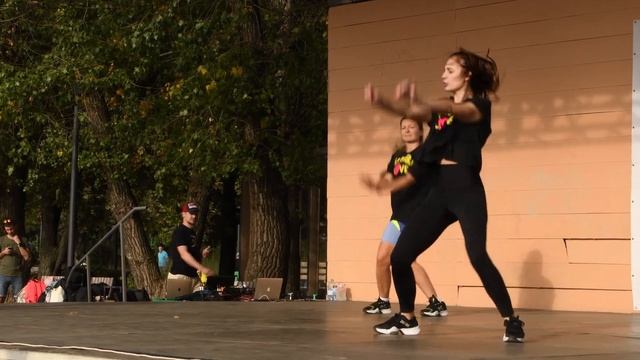 Зумба в Северном административном округе! смотреть онлайн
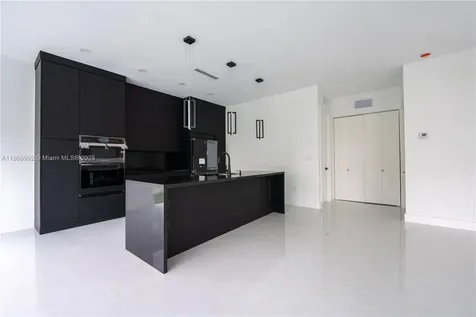 9235 SW 42nd Street Miami FL 33165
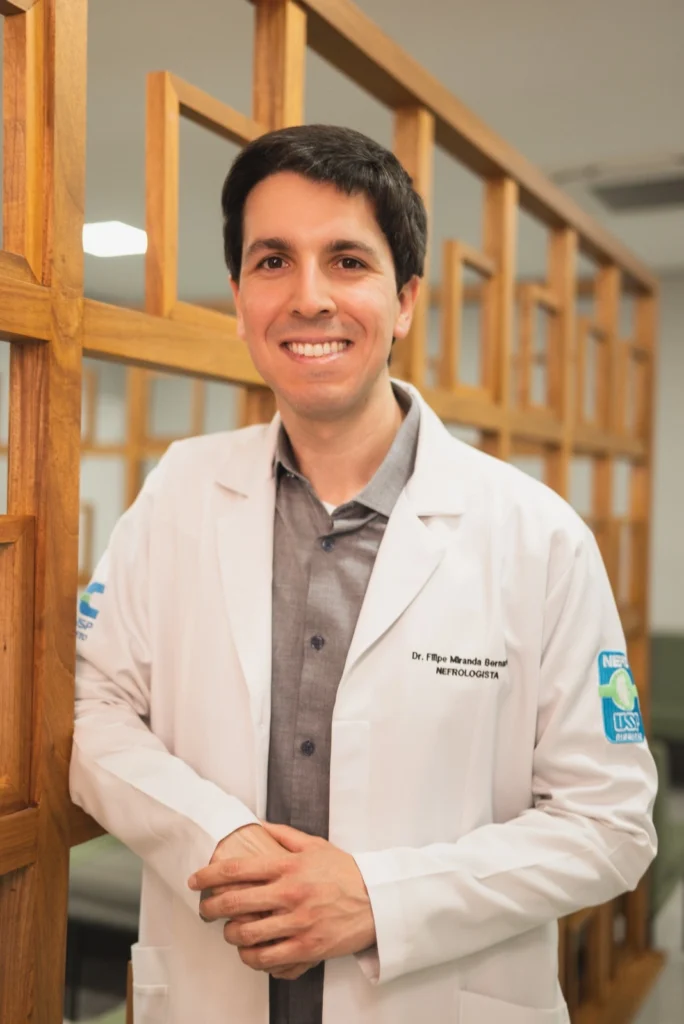 Setembro Verde: número de doações cresce, mas recusa familiar ainda é gargalo no processo | revistasaudeemforma.com.br Dr. Filipe Miranda Bernardes nefrologista 684x1024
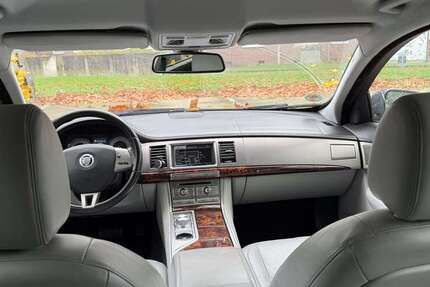 Jaguar XF 129.000 km 6.700 &euro; Duisburg 47249
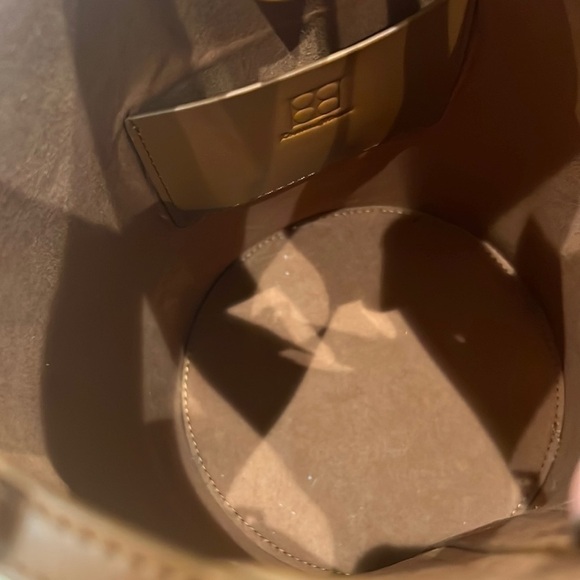 Parisa Wang | Brown Leather Addicted Bucket Bag with Crossbody Strap - Picture 6 of 8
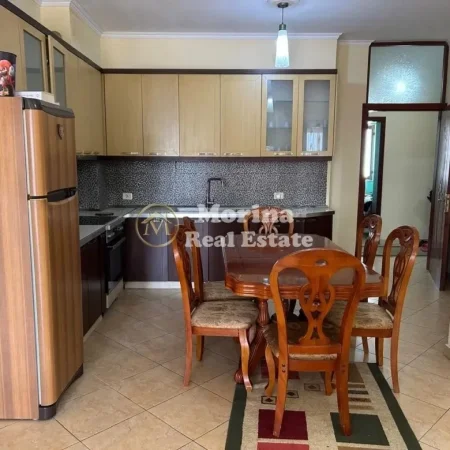 Tirane, jepet me qera apartament 2+1 Kati 6, 113 m² 500 € (Pallatet e Verdha)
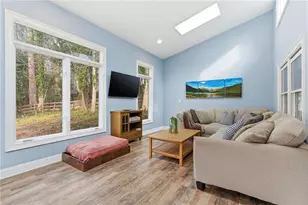 505 Periwinkle Dr, Roswell, GA 30075 - Photo 14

▶ **ABOUT THIS EXERCISE**:
From the line containing "9235 SW 42nd Street Miami FL 33165" through the last line of the records, both included, output those lines exactly and nothing else; skip the pictures.

▶ **EXERCISE OUTPUT**:
 9235 SW 42nd Street Miami FL 33165
 Setembro Verde: número de doações cresce, mas recusa familiar ainda é gargalo no processo | revistasaudeemforma.com.br Dr. Filipe Miranda Bernardes nefrologista 684x1024
 Jaguar XF 129.000 km 6.700 &euro; Duisburg 47249
 Parisa Wang | Brown Leather Addicted Bucket Bag with Crossbody Strap - Picture 6 of 8
 Tirane, jepet me qera apartament 2+1 Kati 6, 113 m² 500 € (Pallatet e Verdha)
 505 Periwinkle Dr, Roswell, GA 30075 - Photo 14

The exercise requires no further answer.